What this shows clearly is where data is flowing and by what means. We have for now skipped over the specific or precise meanings of some things hoping that the terms we have used are self-explanatory.
But, now we have formally written we can focus the discussion on specific aspects of the application, for example:
- What mechanisms are being used to store the user ID and password in the "operating system"? Is this storage secure and sandboxed? I.e. how do we increase the area of trust boundary?
- Are the communication mechanisms from the app to the social media and inventor appropriate?
- What infrastructure information is implicitly included over these channels, for example, IP addresses, user agent strings  etc?
- Does the app have authorisation to the various channels?
- What is the granularity of the Location data over the various channels?
- What information and channels are considered primary and which secondary?
- Is the information flowing to the inventor appropriate and what is the content?
- What about the EXIF data embedded in the picture?
The next questions which follow are related to how we can reduce the amount of information without compromising the application functionality and business model?
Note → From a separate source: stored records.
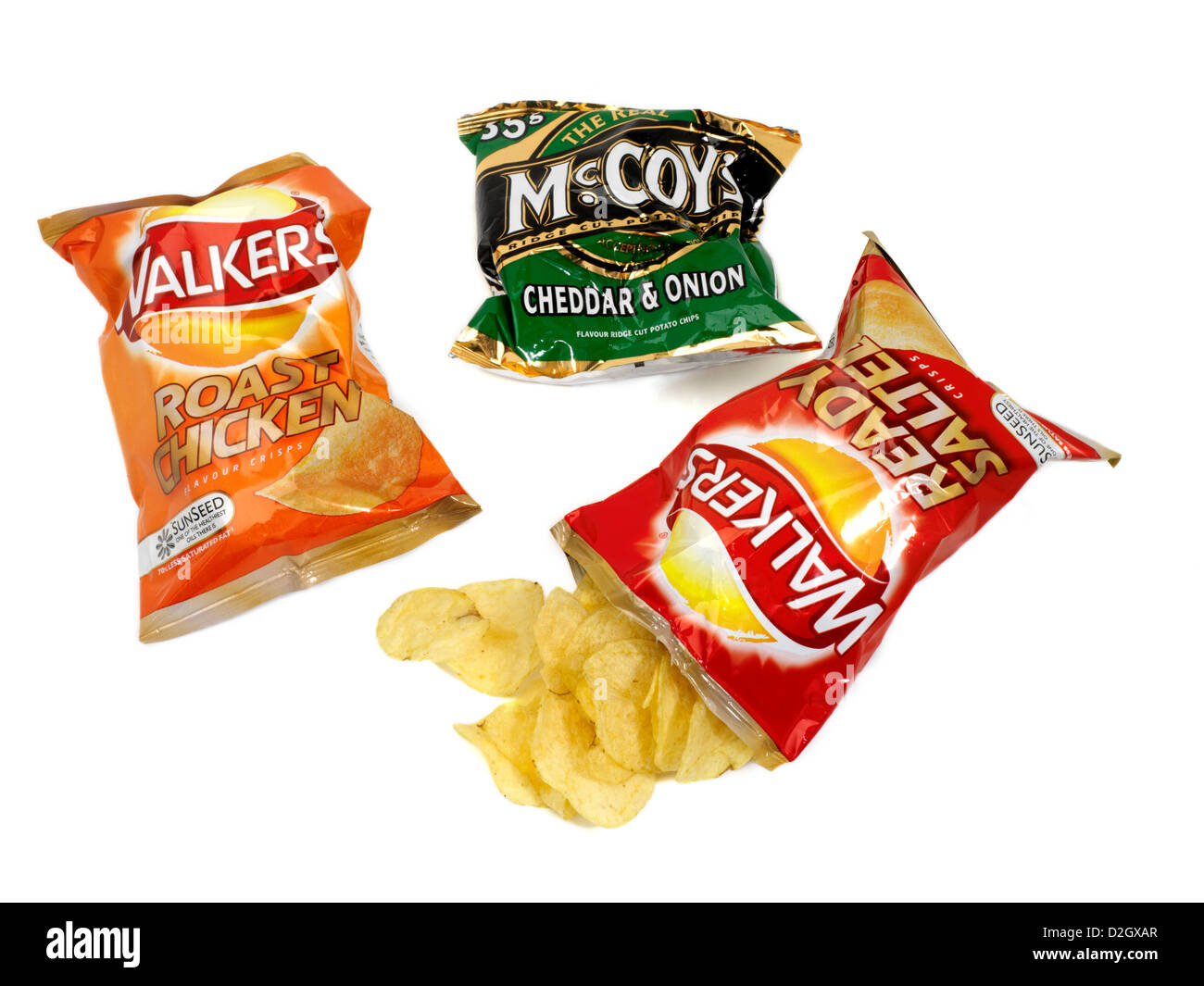 Packets Of Crisps Stock Photo Alamy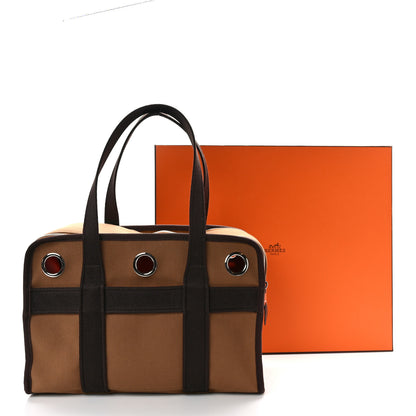 Hermes Polyamide Cotton Carrying Dog Bag Fauve Feu 13 of 13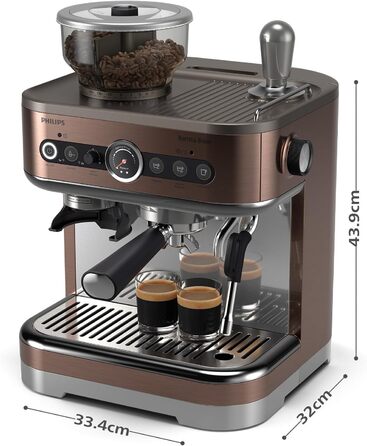 Напівавтоматична еспресо-машина 450 мл 1350 Вт Barista Brew Philips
For example:
- can we reduce the granularity of the Location sent to the social media systems to, say, city level or country level?
- can we automatically remove EXIF data?
- do we allow the app to work if the operating system's location service is switched off or the user decides not to use this?
And so on...Finally we get down to the consent related questions
- What does the user see upon first-time usage of the app? What do they have to agree to?
- Do we tell the user what underlying services such as GPS we're using as part of the application
- Secondary data collection opt-out
- For what reason is the data being collected over both primary and secondary channels
What we have done is set the scene, or, circumscribed what we need to investigate and decide upon. Indeed at some level we even have the means to measure the information content of the application and even the extent the consents by implication; and if we can measure then we have a formal mechanism to decide whether one design is "better" than another in terms of privacy.
In the following articles I'll discuss more about the classification mechanisms (information, security, usage, purpose, provenance) and other annotations along with the detailed implications of these.
 User agent strings are very interesting...just ask Panopticlick.